Die Krise hat in fast allen Bereichen des Alltags und des Arbeitslebens zu tiefgreifenden Veränderungen geführt. Kontaktbeschränkungen und Hygienemaßnahmen beeinflussen die individuelle Freizeitgestaltung massiv. Viele der in Deutschland beliebtesten Freizeitaktivitäten fallen durch die Regelungen zum Infektionsschutz weg.  Ob es das gemeinsame Treffen, der Restaurantbesuch oder der Schaufensterbummel ist – im Coronazeitalter treten vor allem die Aktivitäten in den Hintergrund, bei denen die Beschränkung von Kontakten nicht gewährleistet werden kann. Dazu zählen auch Hobbies und Aktivitäten, die in direktem Zusammenhang mit den Freizeitmärkten stehen, wie zum Beispiel das Treiben von Sport im Verein oder gemeinsames Musizieren. Als eine Art Kompensation für die augenscheinlich gesunkene Nachfrage zeigt sich jedoch das Wiederentdecken von Hobbies wie Puzzeln, Basteln oder Kartenspielen. Auch die Verlagerung der Aktivitäten in die eigenen vier Wände, wie Sporttreiben von zuhause, wirkt sich positiv auf die Nachfrage aus und so können zumindest Teilmärkte der Branche profitieren.

Verändertes Freizeitverhalten klar an Marktzahlen zu erkennen

Während ein Großteil der Nonfood-Branchen von starken Umsatzeinbrüchen betroffen ist, zeichnet sich bei den Freizeitmärkten ein sehr differenziertes Bild ab. Nach ersten Hochrechnungen für 2020 kann mit einem deutlichen Umsatzplus von rund 850 Millionen Euro (+2,9 %) gerechnet werden, das jedoch in erster Linie auf die hohen Umsatzzuwächse im Fahrradmarkt zurückzuführen ist. Ohne diese realisiert der Gesamtmarkt Freizeit ein leichtes Umsatzminus von 0,1 Prozent gegenüber 2019.

Bei Betrachtung der einzelnen Teilmärkte finden sich dann deutliche Gewinner und Verlierer: Die beiden umsatzstarken Branchen Sport- und Spielwaren werden 2020 nur mit einem minimalen Plus (+1,0 % bzw. +1,1 %) beenden. Vor allem die Team- und Wintersportarten verlieren. Noch stärker betroffen durch die Krise: der deutsche Buchmarkt. Hier können die Umsatzverluste nicht kompensiert werden, es muss für 2020 mit einem Minus von 2,9 Prozent gerechnet werden. Der Einbruch der Nachfrage von Fachbüchern trägt einen großen Teil zu diesem schlechten Ergebnis der Branche bei, die sich nicht erst durch die Coronakrise in einem stark angespannten Wettbewerbsumfeld befindet.

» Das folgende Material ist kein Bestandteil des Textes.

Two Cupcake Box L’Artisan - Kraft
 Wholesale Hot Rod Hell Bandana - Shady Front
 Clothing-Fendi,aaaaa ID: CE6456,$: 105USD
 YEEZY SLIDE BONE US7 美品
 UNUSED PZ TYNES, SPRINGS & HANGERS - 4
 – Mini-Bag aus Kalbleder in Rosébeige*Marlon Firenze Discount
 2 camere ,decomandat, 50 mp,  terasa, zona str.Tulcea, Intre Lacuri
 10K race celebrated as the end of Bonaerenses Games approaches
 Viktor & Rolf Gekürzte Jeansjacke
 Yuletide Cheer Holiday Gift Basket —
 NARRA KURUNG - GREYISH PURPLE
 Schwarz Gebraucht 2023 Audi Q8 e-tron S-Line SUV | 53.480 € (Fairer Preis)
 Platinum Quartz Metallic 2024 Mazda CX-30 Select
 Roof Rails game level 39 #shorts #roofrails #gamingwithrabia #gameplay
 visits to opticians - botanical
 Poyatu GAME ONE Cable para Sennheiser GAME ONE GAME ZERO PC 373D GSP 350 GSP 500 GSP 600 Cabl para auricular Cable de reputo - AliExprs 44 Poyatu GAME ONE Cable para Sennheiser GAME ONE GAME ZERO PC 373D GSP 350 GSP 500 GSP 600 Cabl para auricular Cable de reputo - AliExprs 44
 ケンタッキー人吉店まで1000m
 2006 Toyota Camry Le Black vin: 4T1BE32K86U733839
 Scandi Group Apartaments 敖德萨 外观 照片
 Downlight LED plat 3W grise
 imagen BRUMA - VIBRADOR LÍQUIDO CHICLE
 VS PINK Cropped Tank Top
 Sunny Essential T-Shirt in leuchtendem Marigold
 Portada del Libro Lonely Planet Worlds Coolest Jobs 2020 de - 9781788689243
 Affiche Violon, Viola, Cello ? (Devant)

Sport-, Spiel- und Freizeitmärkte

Dem gegenüber stehen ausgesprochen gute Ergebnisse bei Sportgeräten, die in den eigenen vier Wänden eingesetzt werden. Auch im Markt für Musikinstrumente sind positive Ergebnisse zu sehen, das Umsatzvolumen steigert sich voraussichtlich um 3,8 Prozent. Hier profitieren in erster Linie Zupf- und Streichinstrumente, zu denen unter anderem auch Gitarren zählen, die als besonders beliebt bei Einsteigern gelten. Außerdem wachstumsstark: der Zubehörbereich. Unter den Verlierern stehen Blasinstrumente.

Diese teils deutlich positiven Einzelmarkttendenzen sollten alles im allem nicht darüber hinwegtäuschen, dass in erster Linie der Fachhandel stark unter Druck steht. So liegen die Umsatzverluste im institutionellen Fachhandel (ohne den Fahrrad-Fachhandel) nach Hochrechnung mit mehr als 4 Prozent deutlich im Minus.